DIRECTIONS FOR THIS TASK: Copy, word for word, the lines below from the one containing "Maillot NCAA Indiana" up to and including the one containing "Tank Photo 0", with pictures left out.

AVAILABLE DATA:
════════
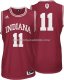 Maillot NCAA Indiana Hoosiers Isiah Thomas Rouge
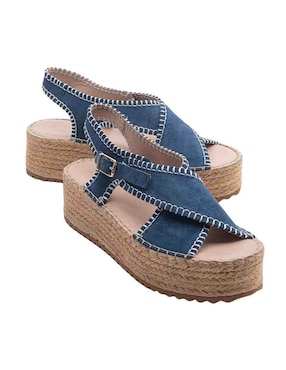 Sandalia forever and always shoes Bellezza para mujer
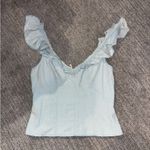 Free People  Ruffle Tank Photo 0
════════
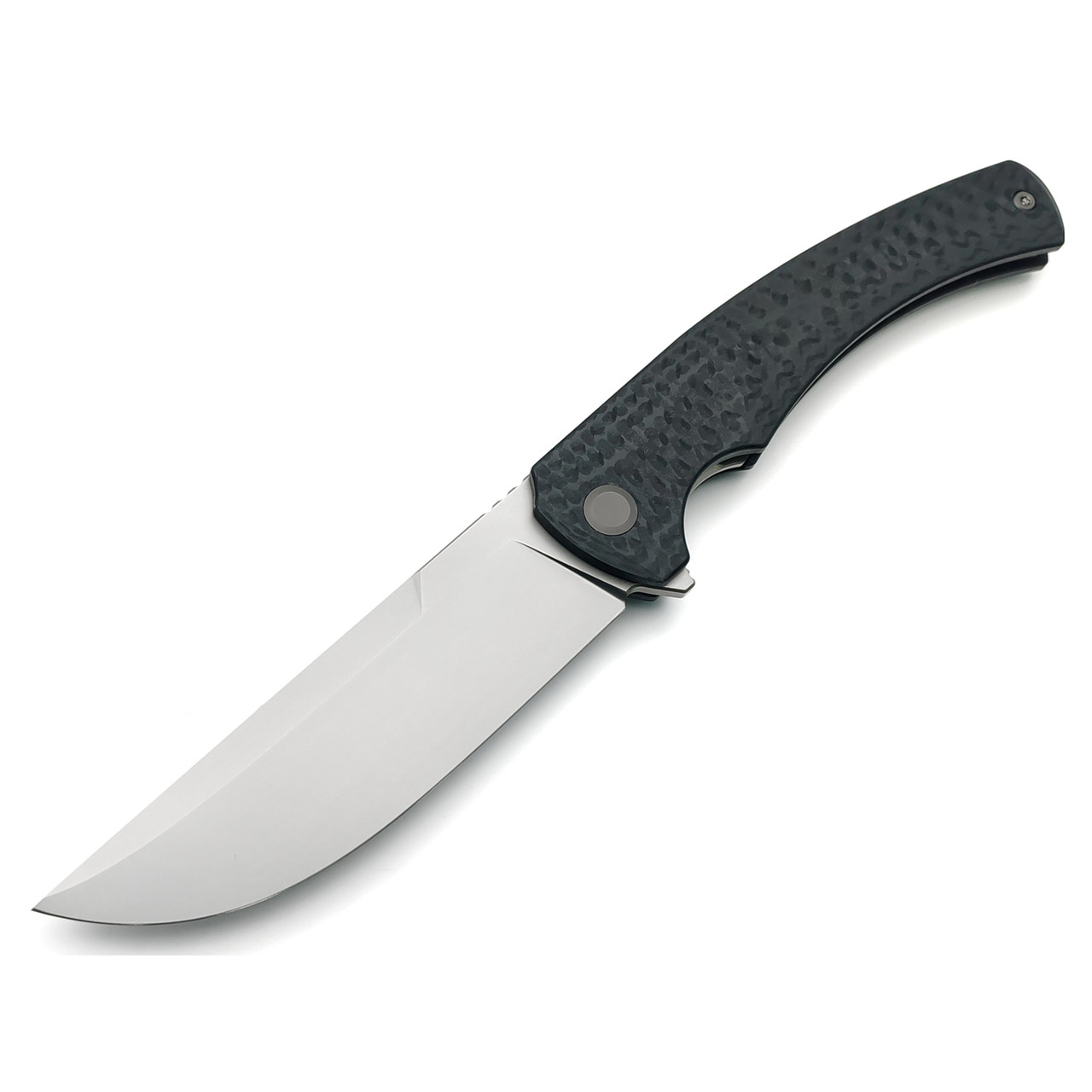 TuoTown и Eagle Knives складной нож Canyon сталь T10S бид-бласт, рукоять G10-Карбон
════════
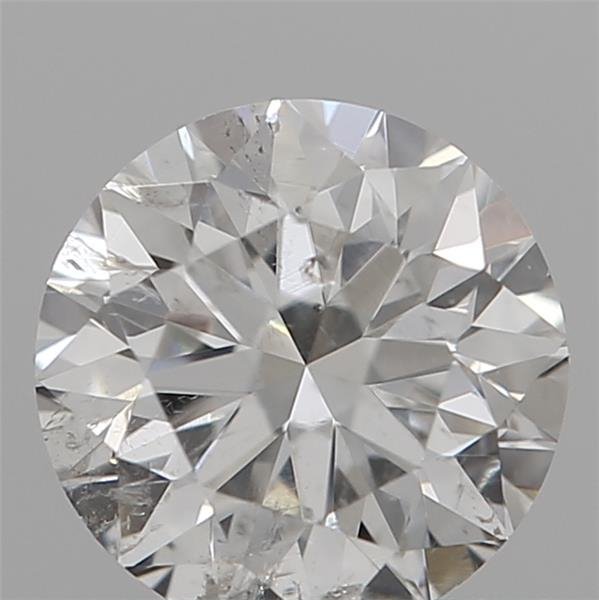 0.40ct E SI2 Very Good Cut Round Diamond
════════
WRITTEN REPLY:
 Maillot NCAA Indiana Hoosiers Isiah Thomas Rouge
 Sandalia forever and always shoes Bellezza para mujer
 Free People  Ruffle Tank Photo 0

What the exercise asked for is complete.